Friday, July 20, 2012

TGIF



I've been taking a lot of trips down memory lately, which can get tiresome for the people around me (my poor wife). I'm very nostalgic, I admit, and have since I was a boy tried to cling to the slim straws of my experience as I was shuffled off to another new hometown in some other part of the Rust Belt. It's an old habit of spiritual survival.  

For whatever reason — personal milestones, my upcoming birthday — this has happened a lot more in the past two months, but I must say in my defense that I literally walk a memory lane each work day. It's called State Street, and I see at least one co-worker from my past two jobs every morning.

Today it was the nice saleslady who worked one door down from me at Penton, always so dutiful sitting there at 8:45 in her cube.

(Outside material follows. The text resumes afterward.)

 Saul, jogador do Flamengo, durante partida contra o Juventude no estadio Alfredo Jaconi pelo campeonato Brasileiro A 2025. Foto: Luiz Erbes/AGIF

Oftentimes it's my old swing supe from the AP, who greets me in much the same way she did 10 years ago — almost like we're still working a shift together. My old boss, the secret smoker, who saved my magazine job so many times in the dark days of 2009. My favorite grizzled editor, who watches video of '60s baseball games in the dead of winter to prepare himself for the new season.

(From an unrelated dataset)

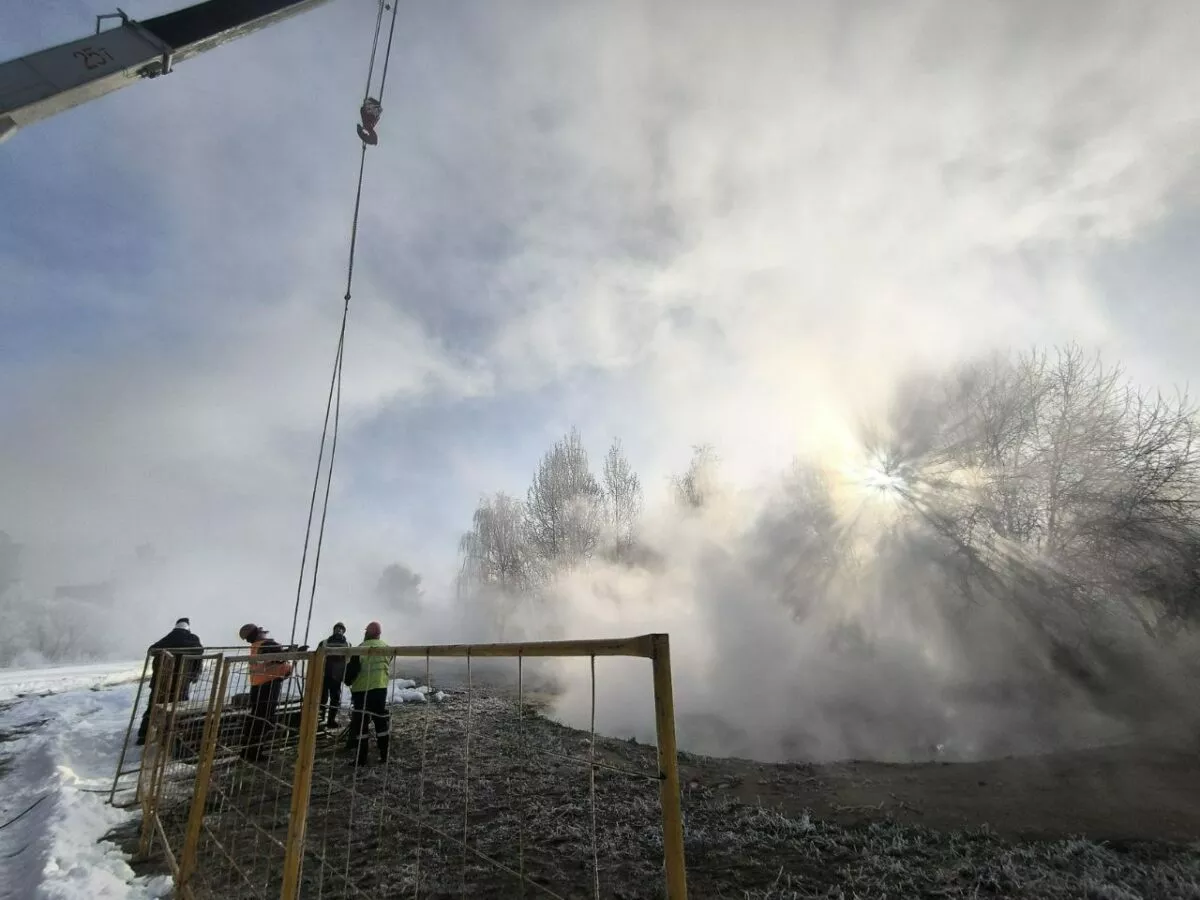 Энергетики продлили ремонт повреждённой в Минске теплотрассы. Когда ждать «нормального» тепла?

And there are others. If I can, I like to stop and say hello. In one sense I feel we're both trying to heal something while we chat there on the gray street under the hot sky. Maybe the wounds of work.

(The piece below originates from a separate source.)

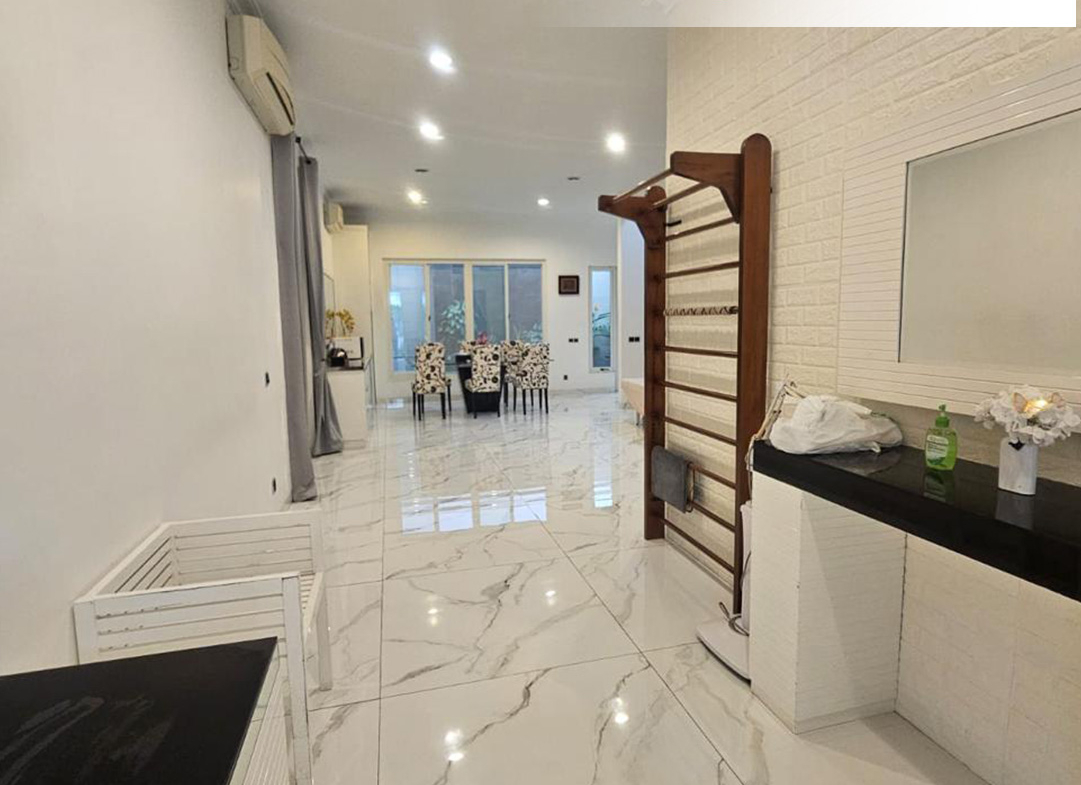 Rumah Hook Mewah di PHG Aquamarine Gading Serpong, Tangerang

The office, with its unrealistic demands and cruel hierarchies, can make people behave in ways they don't want, myself included. If you're reading this and I worked with you, I liked you. It was an honor to serve with you. If I ever said anything sharp or acted strangely, I'm sorry. I want to think the job put words in my mouth (or removed them), but really it was me. My reaction to my situation. 

I've been doing this Chicago office tour of duty for a decade. When I started, I felt so uncool at my news job, though it was greatly exciting and actually interested a lot of the hip people I hung about with when I told them the details. I've since made peace with my livelihood and now wear my Rat Race badge with pride, my CTA Rider badge with pride.

I hope to someday give my kids a different view of how to work to pair with my wife's (the Road Warrior thing). I hope they might even be proud I willfully did this: pack into a glass, steel, concrete megolith with thousands of others to talk on the phone and stare at a computer screen five days a week. The Franz Kafka thing.

But as fun as it's been — layoffs and blizzards and bike messenger curses — I know I won't stay at this forever. I don't feel it's my destiny to be a 40-Year Man like my dad, 25-65 (actually, longer for him). I'm fortunate that my profession potentially offers the chance to freelance, to work from home, to set my own hours. It's now my mission to move toward this sooner than later and be with my kids. Work outside in the yard like Cezanne in Aix-en-Provence. The Logan Square version.

It would be a dream, really, though I know it's hard and requires a different kind of mind-set. Not the clock-punching, sleep-walking one I'm used to. I admire the people who do it. Really, I admire all the editorial warriors, the publishing warriors, the news warriors, wherever they may do their battle. And I wish that their battle is not perpetual. That they may find some respite.

When I see my old comrades, I'm heartened we are at peace in that moment — the burden of the office not yet upon us for the day. We are just people on the street. Regular people. Chicagoland people. People who were born and will die. Trying to remind ourselves we're human. Even if it's just a smile and a hello across the bridge at Wabash.